On Privacy-Preserving Image Transmission in Low-Altitude Networks: A Swin Transformer-Based Framework with Federated Learning

The rapid development of low-altitude economy has driven the proliferation of Unmanned Aerial Vehicle (UAV) applications, including logistics, inspection, and emergency response. However, transmitting high-volume image data from UAVs to ground stations faces significant challenges due to limited bandwidth and stringent privacy requirements.
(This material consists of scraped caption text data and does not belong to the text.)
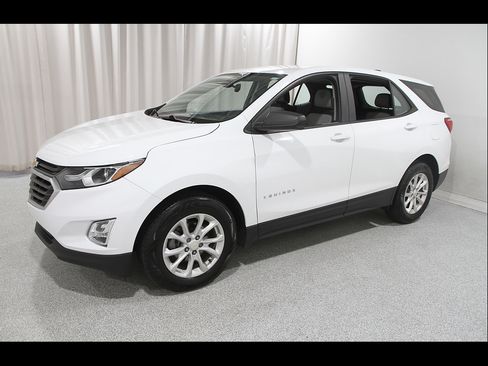 Used 2020 Chevrolet Equinox LS FWD image 3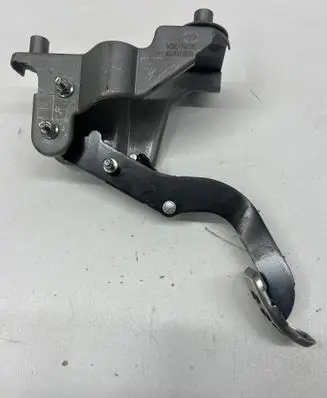 Renault Clio V Clutch pedal 465031099R 06012024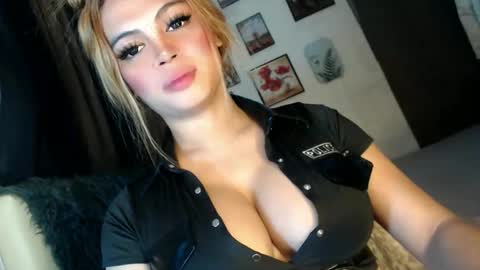 barbei online show from December 3, 2:42 am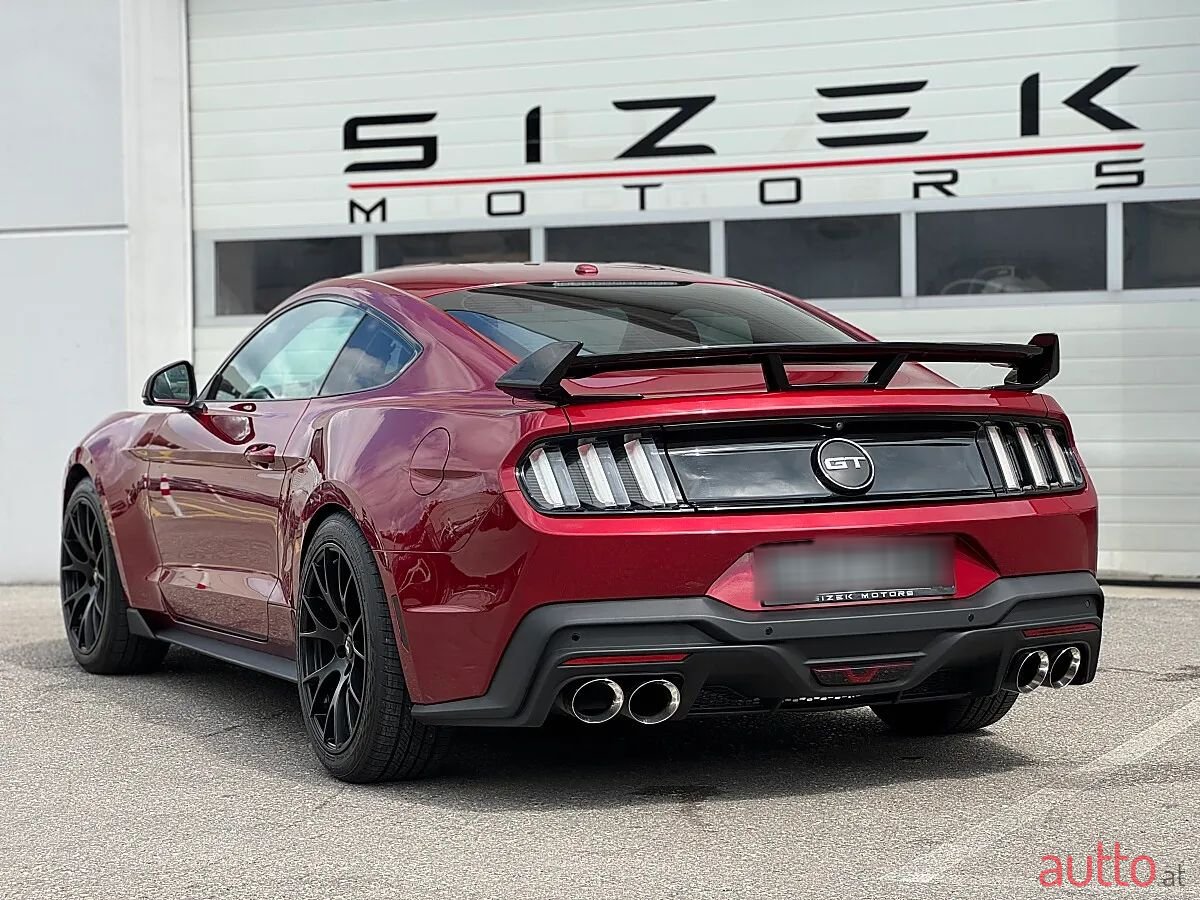 2017' Ford Mustang photo #3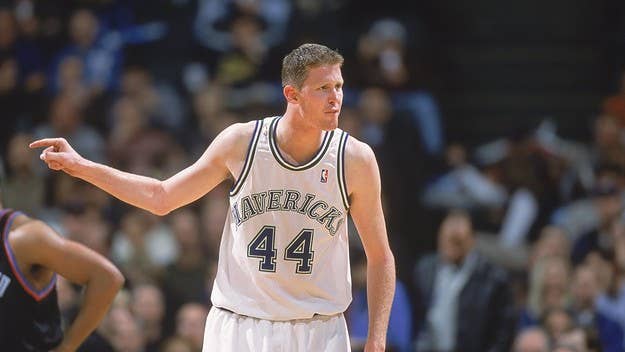 According to a statement issued by the Dallas Mavericks, ex-NBA center Shawn Bradley has been paralyzed after a vehicle hit him while he was riding his bike.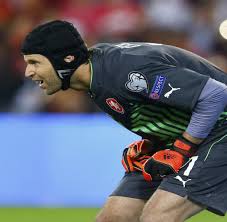 Here is the petr cech accident and injury video and the reason why petr cech wears headgear as protection for his head. Klaus Gjasula Lord Helmchen Gratscht Sich Durch Den Dfb Pokal Welt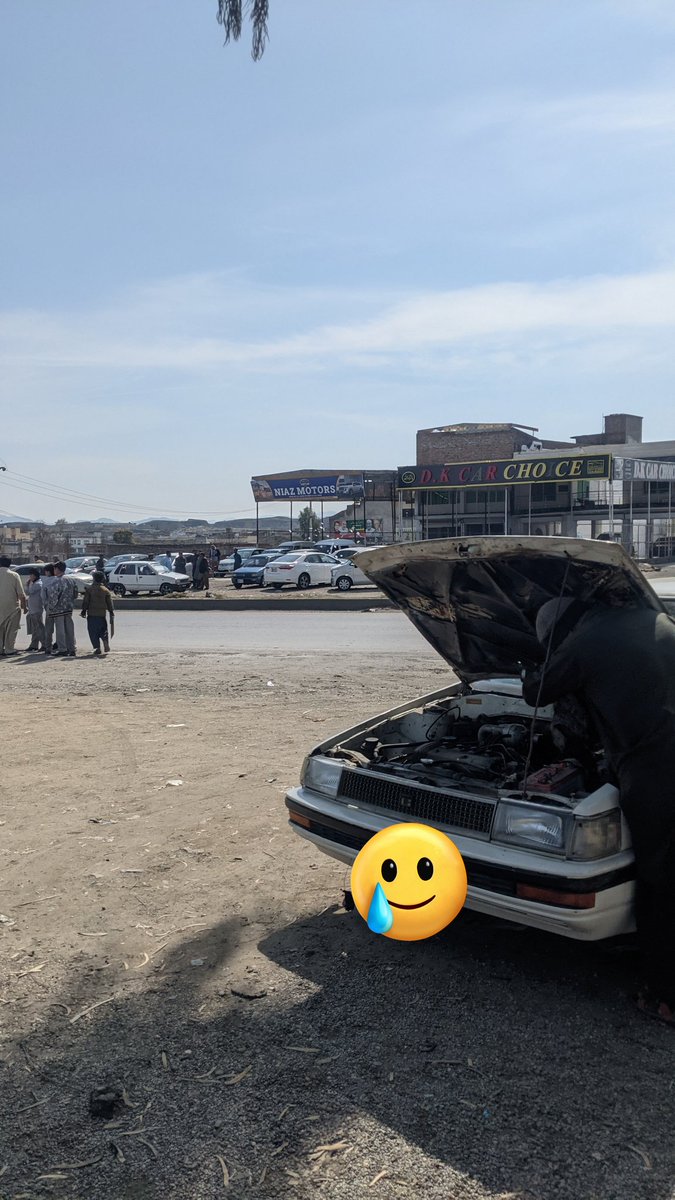 shayanktk777's tweet photo. Broked life  broke car😭 https://t.co/QTzUWE7jiG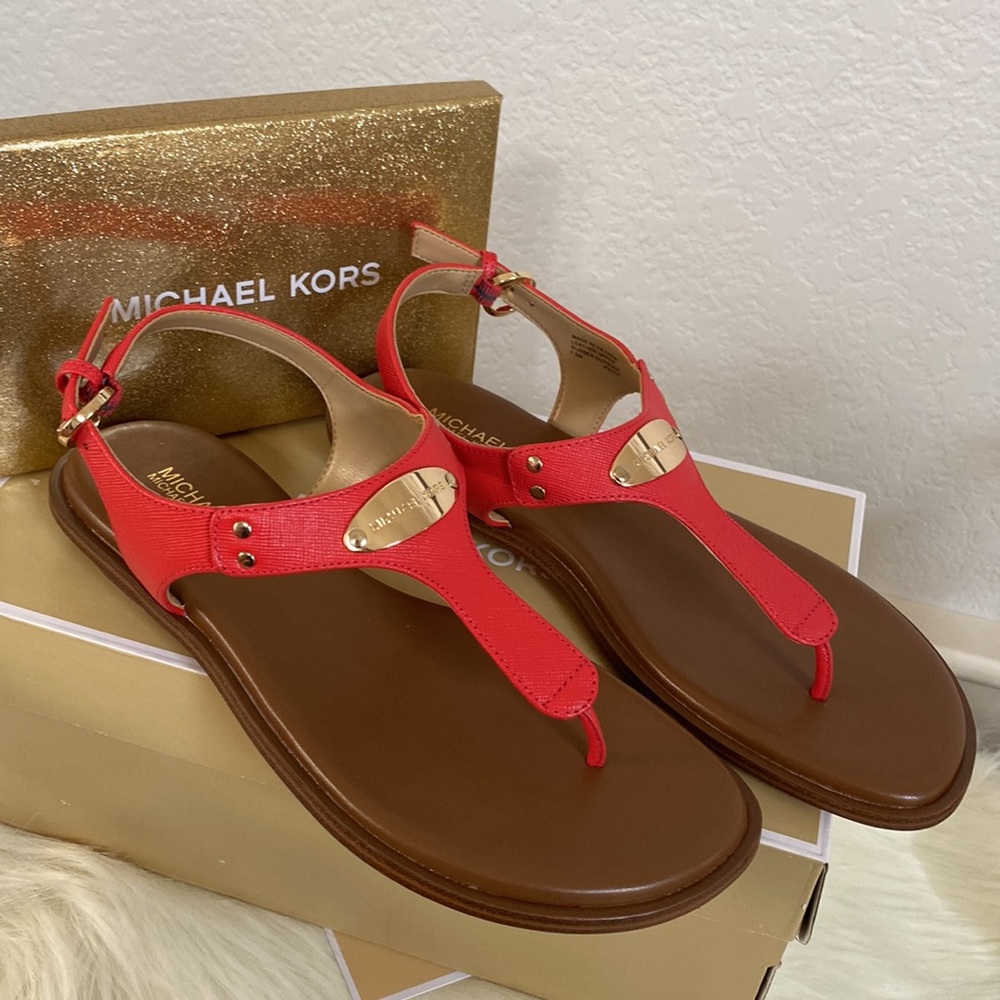 New In Box MICHAEL Michael Kors MK Logo Plate Thong Sandals 7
To address these issues, a Semantic Communication (SC) framework based on Federated Learning (FL) is proposed for efficient and privacy-preserving image transmission. A Swin Transformer-based Semantic Communication (STSC) architecture is designed to extract multi-scale semantic features under constrained bandwidth conditions. Dedicated communication and computing nodes are deployed on UAVs to enhance real-time coverage and flexibility. Meanwhile, a FL mechanism enables global model training across distributed devices without sharing raw data, thus preserving user privacy. Simulation experiments conducted on the CIFAR-10 dataset demonstrate that the proposed STSC framework achieves at least 5.7 dB improvement in Peak Signal-to-Noise Ratio (PSNR) compared to DeepJSCC baselines, while also showing superior convergence and generalization performance. The framework effectively integrates UAV-assisted deployment with SC and privacy protection, offering a practical solution for bandwidth-constrained image transmission in low-altitude networks.